> **Collected data entries**:
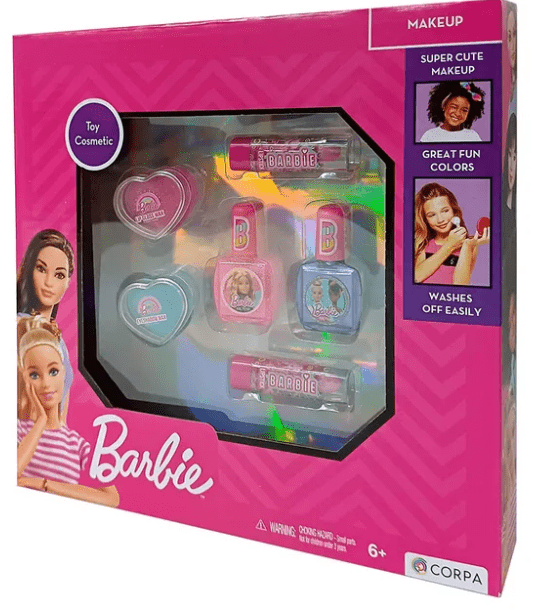 Barbie Medium Makeup Set CRP - 5007 - Colorland Toys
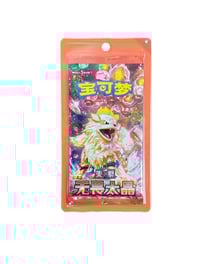 Chinese Fearless Terastral Slim Booster Pack  (Live Break)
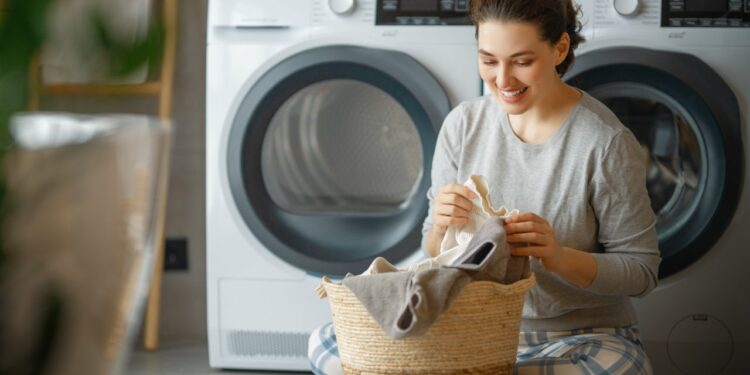 Pralnia w domu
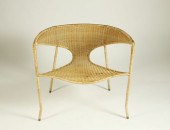 MID-CENTURY MODERN RESIN COATE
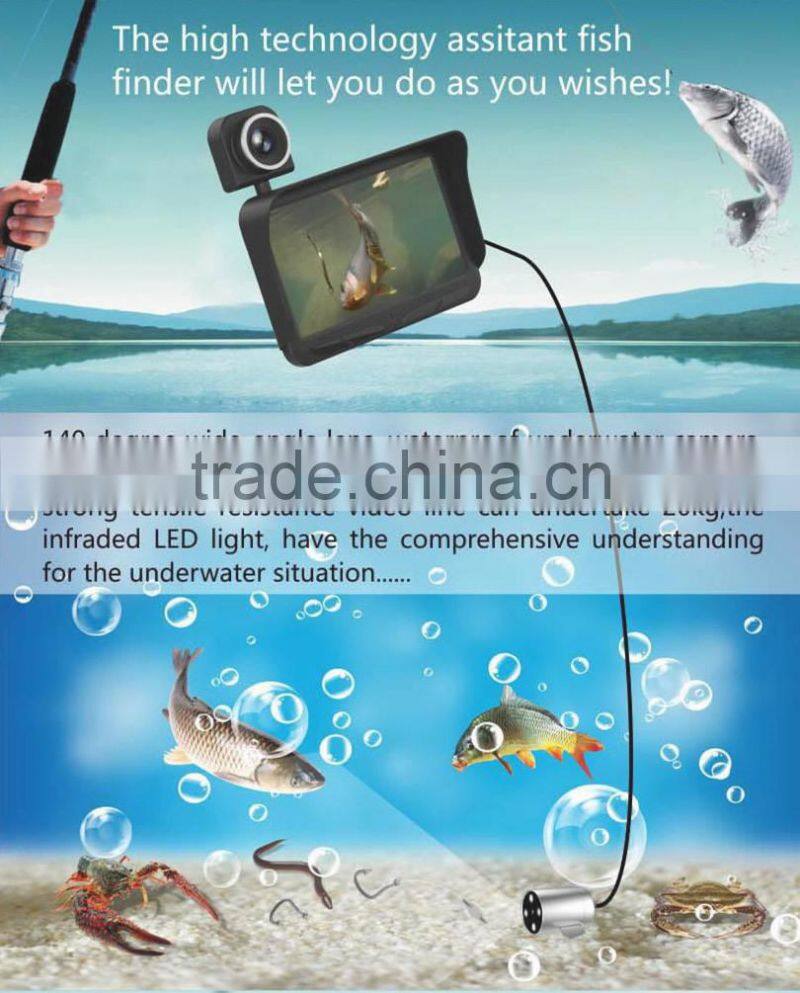 hot sale underwater video camera fishing.fishing underwater camera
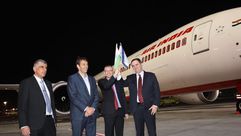 وزير اسرائيلي طيران الهند- تويتر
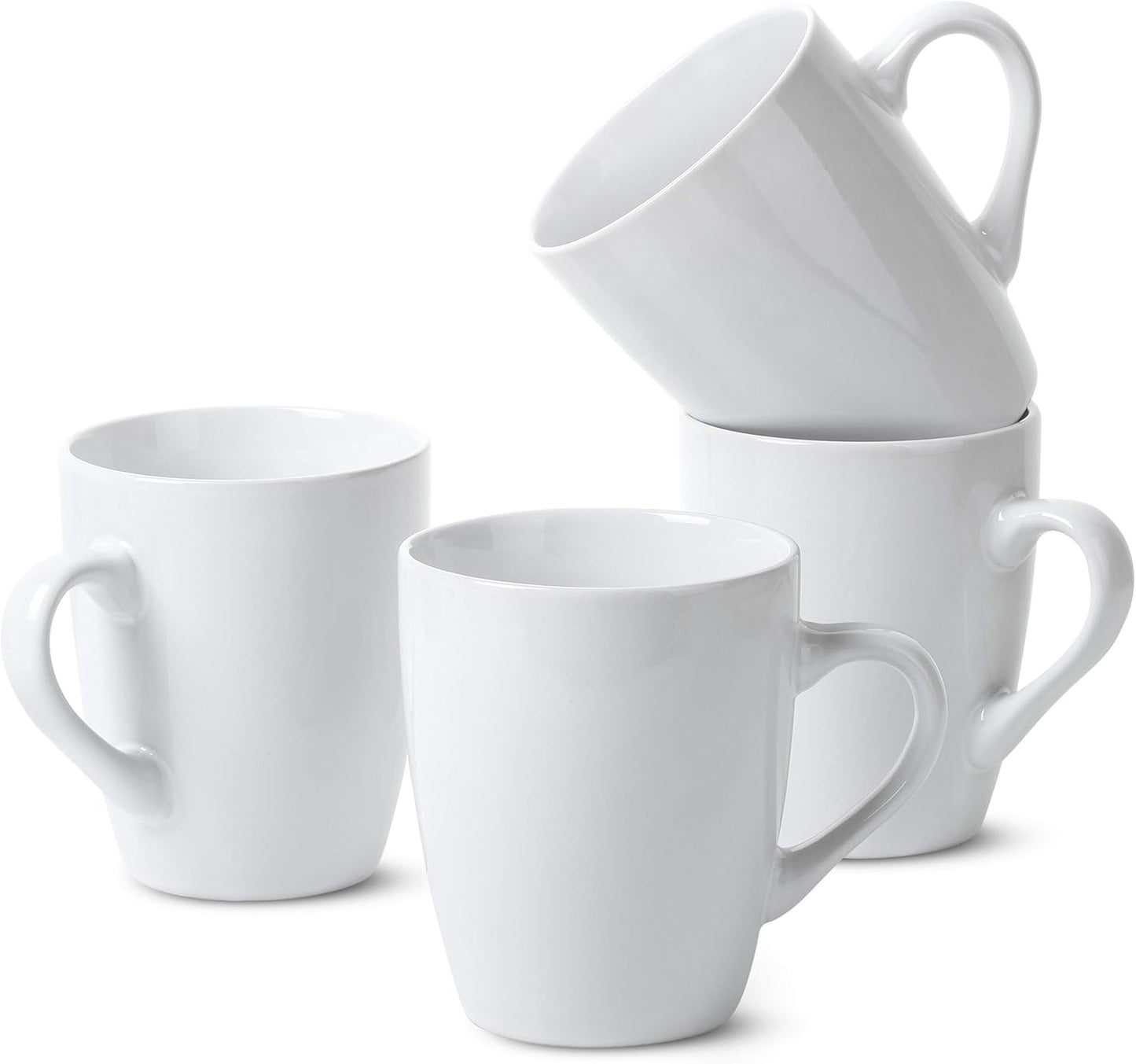 Brew To A Tea Fine Bone China Mugs - Set of 4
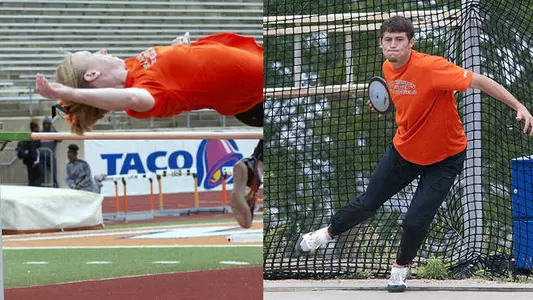 Bearkat medals on day one of Southland outdoor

> **AIM OF THE EXERCISE**: Starting at the line that contains "Pralnia w domu", please write out each line through the last line of the data, both ends included, and keep pictures out of the copy.

> **FINISHED TASK**:
 Pralnia w domu
 MID-CENTURY MODERN RESIN COATE
 hot sale underwater video camera fishing.fishing underwater camera
 وزير اسرائيلي طيران الهند- تويتر
 Brew To A Tea Fine Bone China Mugs - Set of 4
 Bearkat medals on day one of Southland outdoor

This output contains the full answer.